McLaren Automotive claims to have developed the first automotive application of a highly specialised aerospace carbon fibre manufacturing process that augments the best attributes of the material and will enhance its future models. McLaren is a company to watch in this area, as every vehicle it has ever made, from race car to road car, has been based on a carbon fibre monocoque.
The aerospace industry uses ultra-precise manufacturing methods to build highly tailored carbon fibre structures for the latest generation of commercial and military aircraft, particularly for large critical parts such as the fuselage and wings.
The methods involve the robotic depositing of composite tapes to layer structures, rather than the traditional hand layup process using pre-impregnated materials. The robotic processes make production faster, and McLaren has developed such production methods for automotive constructions and integrated them into the manufacturing capabilities at the McLaren Composites Technology Centre (MCTC) in Sheffield, UK.

McLaren refers to the technology as Automated Rapid Tape (ART), and believes it unlocks “enormous potential” to enhance McLaren road cars with carbon fibre structures that are optimised to be lighter, stiffer and stronger, produced with even greater consistency from part to part, and produced in a manner that generates less waste material. The resulting McLaren ART carbon fibre forms are also visually distinct from conventional hand-cut pre-impregnated carbon fibre components.
The McLaren ART method is rather different to that of the aerospace industry method of using robotic arms to layer composite tapes. Instead the ART method employs a specially designed machine using a fixed deposition head and a rapidly moving bed capable of rotation, which unlocks a faster manufacturing process suitable for automotive applications and high-rate composites manufacturing.
Greater design freedom for engineers
McLaren says that ART enables tailored fibre placement, creating new possibilities relating to load bearing or stiffness requirements that are not possible using conventional methods. This tailored fibre placement opens-up innovation by freeing engineers from the constraints of a uniform material.
Specific adjustment of fibre orientation within the composite material allows for anisotropic stiffness, meaning that rigidity can be enhanced in specific directions, while flexibility can be maintained elsewhere. In short, it enables new ways to design highly loaded and complex aerodynamic components.
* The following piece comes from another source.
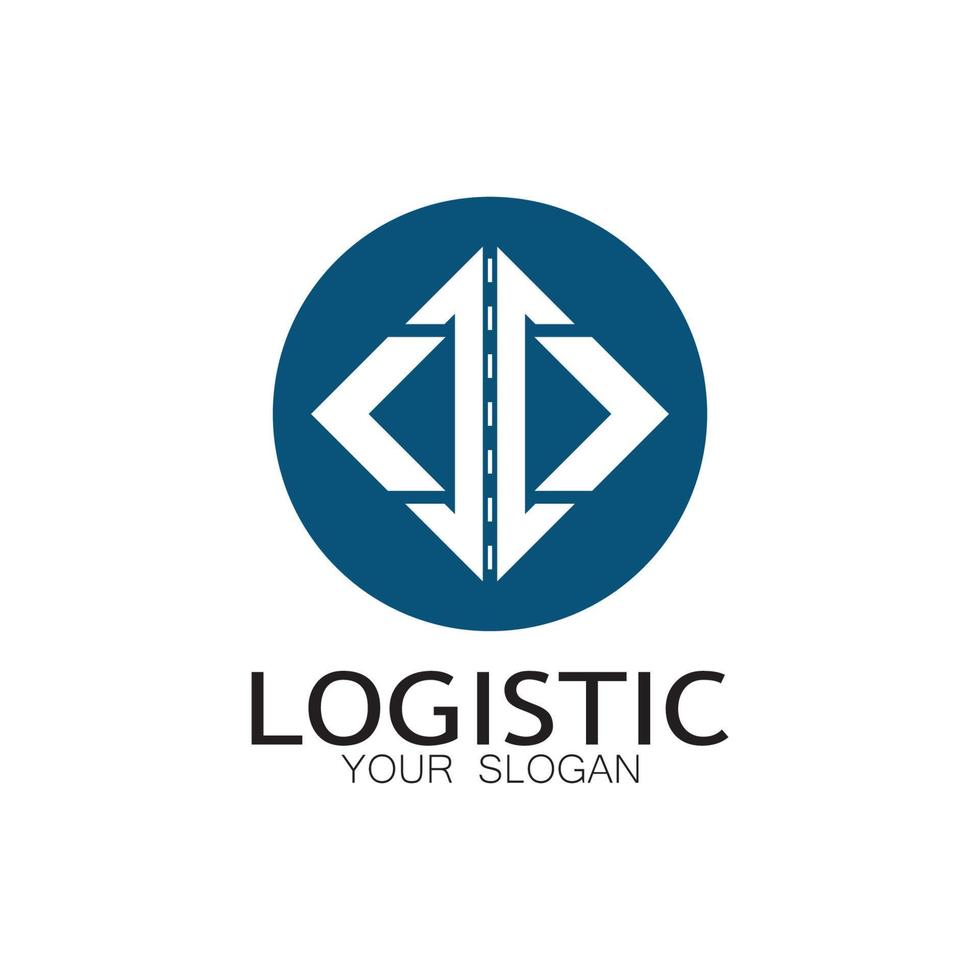 logística logo icono ilustración vector diseño distribución símbolo entrega de bienes economía finanzas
ART also enables improvements in strength-to-weight ratios, as the fibres can be concentrated in areas subject to high stress or load, such as joints, edges or connection points, in turn allowing for the removal of unnecessary material in low-stress regions.
Carbon fibre structures created with less waste
The measured lengths of dry composite tape are laid down when building out a part made of ART carbon fibre, significantly reducing the generation of irregular-shaped waste off-cuts that cannot be reused. McLaren says that up to 95% of the raw dry tape material used to layer a component goes into the final part.
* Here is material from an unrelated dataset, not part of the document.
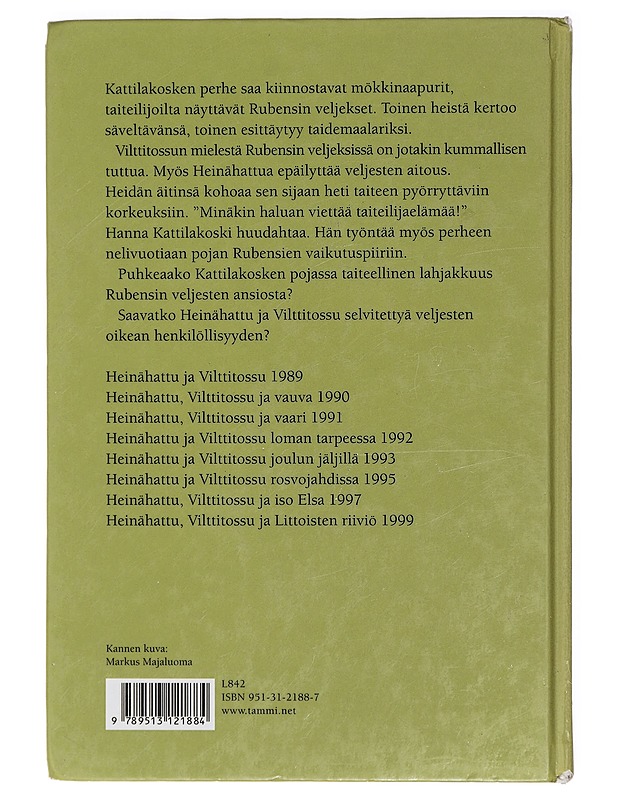 Heinähattu, Vilttitossu ja Rubensin veljekset - Nopola, Sinikka - Lastenkirjat - 10105469804 - 1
The automated process also reduces any positioning inaccuracies and material loss caused by human error, ensuring that the final layup is within design tolerances, in turn minimising rejected parts and reducing waste. The automated element of the Automated Rapid Tape machine provides real-time monitoring and control, ensuring consistent process parameters and optimised part quality.

An enabler of greater use of carbon fibre
ART technology reduces manufacturing time and costs, meaning McLaren can look at using carbon fibre in more areas of a vehicle. Looking beyond the carbon tub, the wider use of ultra-lightweight body panels constructed of ART carbon fibre becomes more feasible and cost effective.
McLaren is keen to point out that this is not a future technology – ART is already integrated into its manufacturing processes. A prototype high-rate deposition machine has been installed at the McLaren Composites Technology Centre, and this first installation of ART technology will be upscaled to an industrial-specification machine later in 2025, with increased manufacturing capacity.

The first McLaren vehicle to feature ART carbon fibre is McLaren’s new Ultimate supercar, and the next car in the ‘1’ car linage; the McLaren W1. The fixed plane within the active front-wing assembly – an integral part of the car’s aerodynamic package that can generate up to 1,000kg of downforce – is manufactured from ART carbon, benefitting from increased stiffness.
McLaren says the ART carbon fixed-plane is up to 10% stiffer than a comparable pre-impregnated part, reflecting a significant enhancement considering its aerodynamic load-bearing function. Further components made from ART carbon fibre are under consideration for production examples of the W1.
The Automated Rapid Tape production method and ART carbon structures also unlock possibilities for the next generation of carbon fibre architectures. McLaren is currently looking at integrating the technology into the structure of an ultra-lightweight, ultra-strong carbon fibre tub that can underpin the next generation of McLaren supercars.